> [What is required] From the listing below, set down exactly the lines between the one holding "IDOL_INICIO's tweet photo." and the one holding "Внедорожник / Кроссовер BMW X5 2013 в Днепре", inclusive. No other line is wanted.

> [Exercise data]
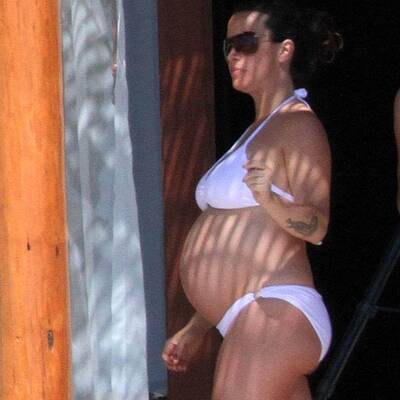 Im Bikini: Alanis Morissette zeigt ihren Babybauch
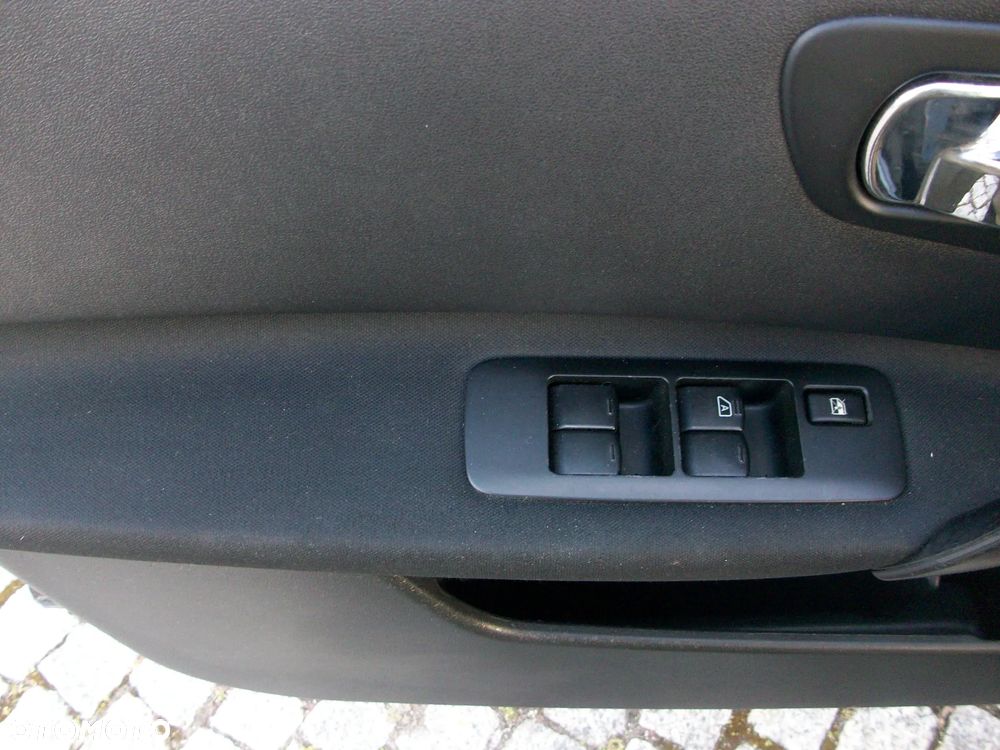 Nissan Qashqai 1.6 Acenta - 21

==

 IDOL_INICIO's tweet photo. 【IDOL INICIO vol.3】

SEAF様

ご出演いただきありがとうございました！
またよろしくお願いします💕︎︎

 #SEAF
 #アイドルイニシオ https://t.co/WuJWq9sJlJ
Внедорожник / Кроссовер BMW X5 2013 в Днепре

> [Your response]
 IDOL_INICIO's tweet photo. 【IDOL INICIO vol.3】

SEAF様

ご出演いただきありがとうございました！
またよろしくお願いします💕︎︎

 #SEAF
 #アイドルイニシオ https://t.co/WuJWq9sJlJ
Внедорожник / Кроссовер BMW X5 2013 в Днепре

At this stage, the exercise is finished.